Data: 27/06/2002 - Ora: 12:09
Categoria: Politica

C’era una volta l’immigrazione. Ed era ancora relativamente facile affrontare i problemi ad essa legati. Oggi il dibattito è già altro. Riguarda la pluralità culturale e religiosa, oltre che seri problemi sociali. E senza neanche più la scusa della cittadinanza: perché in molti paesi la maggior parte degli immigrati, stranieri non sono più. E comunque non è questo che fa discutere. (Gabriele De Blasi)

Che cosa significa tutto ciò? Che la presenza di persone di cultura, etnia o religione diverse da quelle della maggioranza sta diventando fisiologia delle nostre vecchie nazioni europee. Che "nazioni" non sono più: lo stato si sta emancipando dalla nazione. Anche nelle sue strutture profonde.
Le differenze non le hanno inventate gli stranieri. C’erano già all’interno delle nostre società. Lo sanno bene gli appartenenti alle minoranze, marginalizzati, quando non discriminati. E molte sono il frutto di un’evoluzione interna recente. I neo-immigrati le hanno solo rese più visibili e aumentate di numero. Il che non è poco. Anche per le società vale il principio che, oltre determinate quantità, è la qualità che cambia. Questo non significa che l’"aria sociale" si stia in qualche modo inquinando; magari si profuma, però certamente cambia.
E il risultato è che si è manifestata la reazione. Normale, di fronte ad una trasformazione così evidente. E che tutto bisognerebbe fare tranne che demonizzare. Il turbamento di fronte al cambiamento del paesaggio è, infatti, esso stesso fisiologia. Anche se assume volti spiacevoli. Come quello di Le Pen in Francia: che tuttavia non riassume nei suoi slogan il sentire di un francese su sei che lo ha votato. O quello dello sfortunato Pim Fortuyn. Domani troverà altri canali per emergere. Perché deve emergere. Questa reazione è parte del problema, certo; ma anche della sua soluzione, che non deve essere contro di essa, bensì "dentro". Del resto l’inquietudine è assai più diffusa del dato elettorale che la interpreta.

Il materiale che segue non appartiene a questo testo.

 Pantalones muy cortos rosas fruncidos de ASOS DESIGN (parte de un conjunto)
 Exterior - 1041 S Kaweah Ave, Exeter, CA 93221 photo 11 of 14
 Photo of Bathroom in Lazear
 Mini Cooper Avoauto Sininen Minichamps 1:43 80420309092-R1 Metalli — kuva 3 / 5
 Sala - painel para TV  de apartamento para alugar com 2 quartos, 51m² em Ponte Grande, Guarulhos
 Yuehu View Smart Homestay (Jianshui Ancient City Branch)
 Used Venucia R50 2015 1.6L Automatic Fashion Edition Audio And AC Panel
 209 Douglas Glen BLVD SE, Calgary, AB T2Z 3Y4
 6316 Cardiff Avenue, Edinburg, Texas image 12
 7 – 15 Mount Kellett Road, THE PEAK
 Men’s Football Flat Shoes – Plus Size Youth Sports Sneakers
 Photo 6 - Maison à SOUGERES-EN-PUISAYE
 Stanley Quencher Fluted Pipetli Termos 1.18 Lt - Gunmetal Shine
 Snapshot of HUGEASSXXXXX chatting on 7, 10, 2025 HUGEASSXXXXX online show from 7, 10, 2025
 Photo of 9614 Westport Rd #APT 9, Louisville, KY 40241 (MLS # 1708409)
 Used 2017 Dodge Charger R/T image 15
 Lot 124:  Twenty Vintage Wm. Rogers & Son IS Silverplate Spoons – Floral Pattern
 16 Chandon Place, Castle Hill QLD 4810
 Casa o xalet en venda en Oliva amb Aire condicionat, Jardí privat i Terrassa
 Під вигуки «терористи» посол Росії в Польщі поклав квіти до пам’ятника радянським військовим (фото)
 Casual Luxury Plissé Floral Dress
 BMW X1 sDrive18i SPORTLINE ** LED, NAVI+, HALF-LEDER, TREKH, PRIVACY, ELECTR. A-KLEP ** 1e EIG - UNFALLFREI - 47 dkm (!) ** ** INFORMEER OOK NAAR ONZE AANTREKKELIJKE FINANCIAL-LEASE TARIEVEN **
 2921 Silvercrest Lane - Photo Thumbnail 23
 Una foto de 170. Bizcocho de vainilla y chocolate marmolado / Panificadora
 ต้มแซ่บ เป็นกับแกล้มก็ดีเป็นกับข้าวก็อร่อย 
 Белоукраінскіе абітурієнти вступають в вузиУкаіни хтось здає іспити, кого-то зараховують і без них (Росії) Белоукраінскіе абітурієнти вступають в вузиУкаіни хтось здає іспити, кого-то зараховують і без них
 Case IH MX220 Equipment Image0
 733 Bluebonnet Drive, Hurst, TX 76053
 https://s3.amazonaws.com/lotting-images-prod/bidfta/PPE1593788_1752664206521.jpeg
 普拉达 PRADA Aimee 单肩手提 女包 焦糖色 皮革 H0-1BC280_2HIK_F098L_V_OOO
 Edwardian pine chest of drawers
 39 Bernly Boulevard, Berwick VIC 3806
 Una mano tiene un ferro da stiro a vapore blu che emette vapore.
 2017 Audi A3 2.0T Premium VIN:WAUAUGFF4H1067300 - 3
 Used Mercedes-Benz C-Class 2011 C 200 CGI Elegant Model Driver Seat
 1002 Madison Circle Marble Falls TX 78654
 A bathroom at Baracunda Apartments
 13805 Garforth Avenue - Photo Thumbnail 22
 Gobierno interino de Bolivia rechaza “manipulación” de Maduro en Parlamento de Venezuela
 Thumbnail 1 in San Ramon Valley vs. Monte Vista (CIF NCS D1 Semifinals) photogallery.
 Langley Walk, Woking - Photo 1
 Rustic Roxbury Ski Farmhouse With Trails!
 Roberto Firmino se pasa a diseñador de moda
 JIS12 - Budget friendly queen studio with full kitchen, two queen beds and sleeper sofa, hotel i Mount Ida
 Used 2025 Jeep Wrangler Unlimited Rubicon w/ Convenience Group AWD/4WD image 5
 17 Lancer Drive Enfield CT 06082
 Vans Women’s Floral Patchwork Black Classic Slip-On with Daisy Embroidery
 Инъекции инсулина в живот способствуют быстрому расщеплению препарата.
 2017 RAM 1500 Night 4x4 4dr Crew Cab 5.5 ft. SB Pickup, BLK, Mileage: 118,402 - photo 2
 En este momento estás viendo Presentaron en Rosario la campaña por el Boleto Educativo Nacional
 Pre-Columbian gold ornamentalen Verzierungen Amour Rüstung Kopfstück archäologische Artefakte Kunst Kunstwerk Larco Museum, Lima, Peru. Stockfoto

Insomma, non solo la diversità culturale aumenta: anche il conflitto sociale aumenterà. Ma può trovare momenti di gestione. E di soluzione. I conflitti hanno, infatti, una funzione, come sappiamo bene dalla vita di coppia e familiare: far emergere le tensioni latenti e imparare a tener conto delle sensibilità dell’altro. Ed è da essi che nascono le soluzioni.
Il conflitto che oggi si manifesta ha bisogno appunto di questo: di non essere negato; di essere nominato per quello che è e non in altro modo; ma anche di essere gestito, guidato: dai ceti intellettuali, da quelli politici che, invece, hanno brillato per la loro inconsistenza.
La società è plurale. Ma è il momento di una discussione franca su come vogliamo che sia. Per il bene del bene comune.